Cerchi un volo aereo e lo trovi ad una buona tariffa. Rimandi di pochi minuti l’acquisto per informarti sul tempo atmosferico o per sentire il tuo compagno di viaggio se è libero in quel periodo. Torni sul sito e trovi un prezzo diverso, superiore.
La tua visita precedente, così quelle che farai successivamente, è stata tracciata e monitorando il tuo interesse, il prezzo naturalmente è cresciuto.
Non solo cresce sulla base delle tue visite, ma soprattutto cresce sulla base della vicinanza temporale della partenza.
Sulle scaffalature fisiche lo scontro tra i prezzi era strategico e determinato sulla base dell’immagine di marca e dagli spazi occupati sullo scaffale.
Nel mondo del commercio elettronico gli scaffali hanno uno spazio infinito, e il prezzo viene determinato da una serie di algoritmi che tengono conto dell’interesse, del giorno, dell’ora, del prezzo dei concorrenti e della formula contenuta nell’algoritmo per spillare anche l’ultimo centesimo all’acquirente.
Lo shopping comparativo online alimenta la conoscenza dei nostri percorsi sul web e rende imprevedibile per il consumatore il prezzo che gli sarà richiesto.
Le vending machine (quegli straordinari distributori automatici – di cui l’Italia è leader – erogatori di prodotti) potrebbero funzionare in questo modo: una bibita gelata potrebbe avere un prezzo maggiore nelle giornate estive più calde e inferiore negli altri giorni, così come un profilattico acquistato alle 9 di mattina potrebbe avere un prezzo inferiore a quello acquistato con urgenza alle 9 di sera.
Gabriel Tarde (sì, il criminologo) aveva affrontato il tema della psicologia economica affermando che la domanda influenza la borsa, più sono i venditori più il prezzo scende; più sono gli acquirenti, più il prezzo sale. La vera domanda da porsi, suggeriva Tarde, è: perché varia così?
La scienza dei prezzi (oggi esistono molti studi empirici a riguardo) si basa sulla percezione del valore piuttosto che sul valore reale degli oggetti.
Non a caso i commercianti propongono dei prodotti, quelli che fanno l’immagine di price/quality ratio del punto vendita, a prezzi particolarmente convenienti, i cosiddetti prezzi-civetta.
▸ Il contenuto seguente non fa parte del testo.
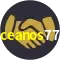 Partnerships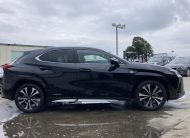 LEXUS UX 250h
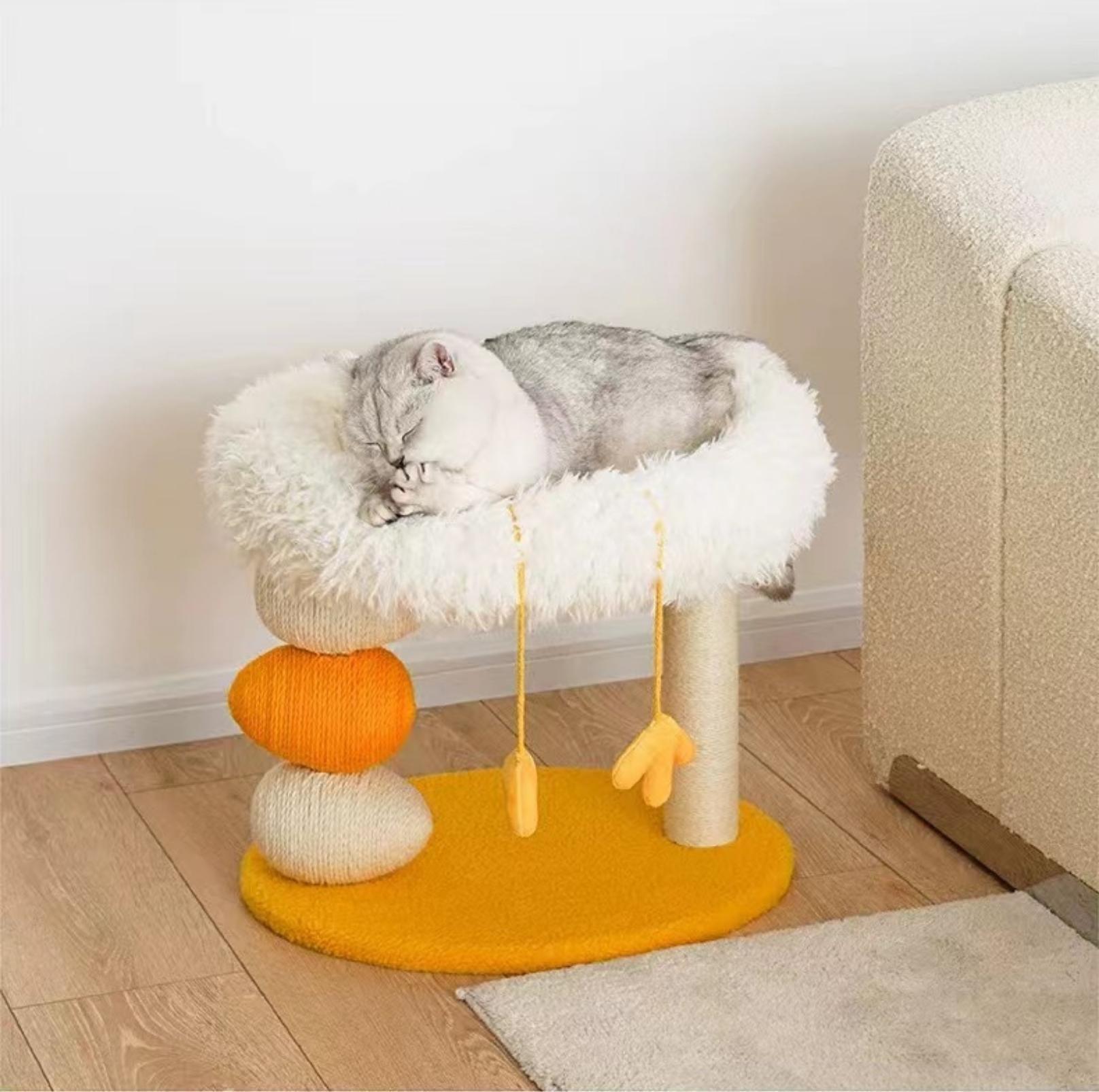 Cat Scratching Post and Cat Bed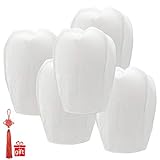 GAYUSAN Chinese Lanterns 20-Pack – 100% Biodegradable, Paper Lantern – Japanese Lantern for Weddings, Celebrations, Memorial Ceremonies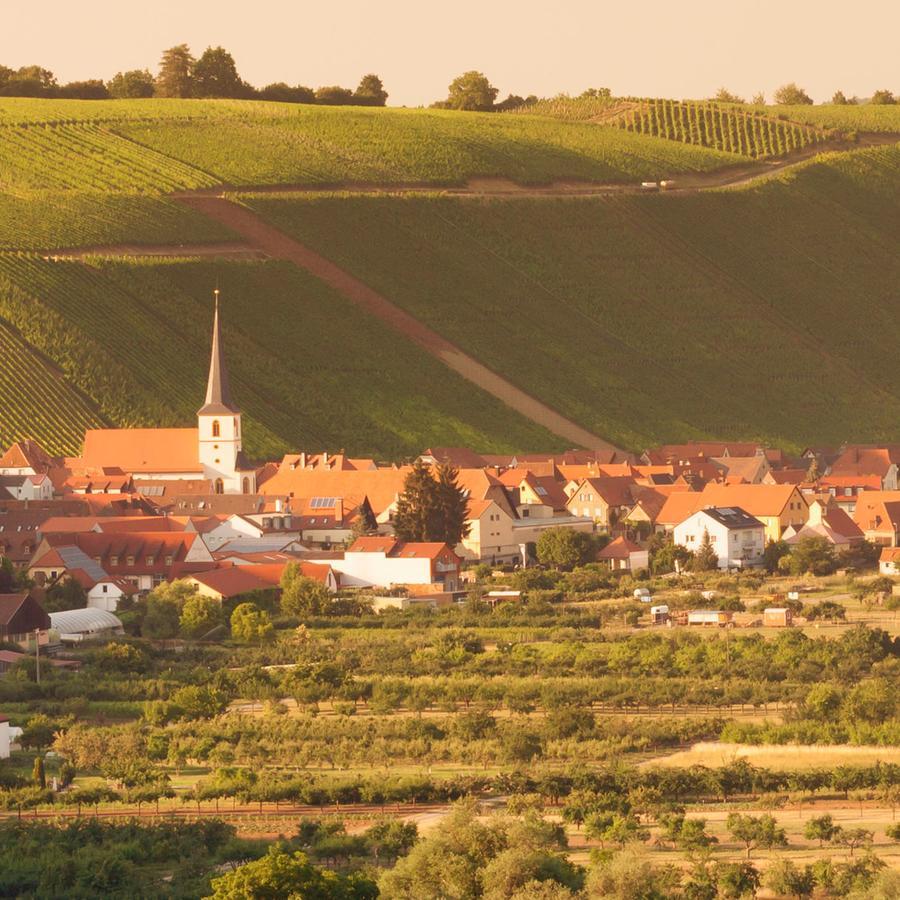 Domizil Nunn Hotel Escherndorf Ngoại thất bức ảnh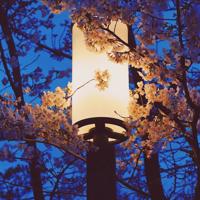 大风起兮云飞扬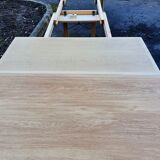 Set table and 6 chairs borge mogensen 1960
A proposito dei prezzi, le indagini di marketing sull’elasticità possono aiutare l’industria a definire il giusto prezzo in accordo al percepito dell’immagine di marca, all’utilità, ai prezzi dei concorrenti, al canale di vendita, fino ai volumi ipotizzati (leggi questo nostro precedente articolo per saperne di più)
Ignari della tecnica messa a punto da Van Westendorp di come definire il “miglior prezzo” mi è capitato vedere capitani d’industria che definiscono il prezzo dei propri prodotti a spanne osservando solo quelli dei concorrenti senza ulteriori considerazioni.
Il rischio? Andare fuori prezzo e perdere delle vendite oppure proporre un prezzo inferiore e perdere marginalità economica.
Un errore imperdonabile in entrambi i casi.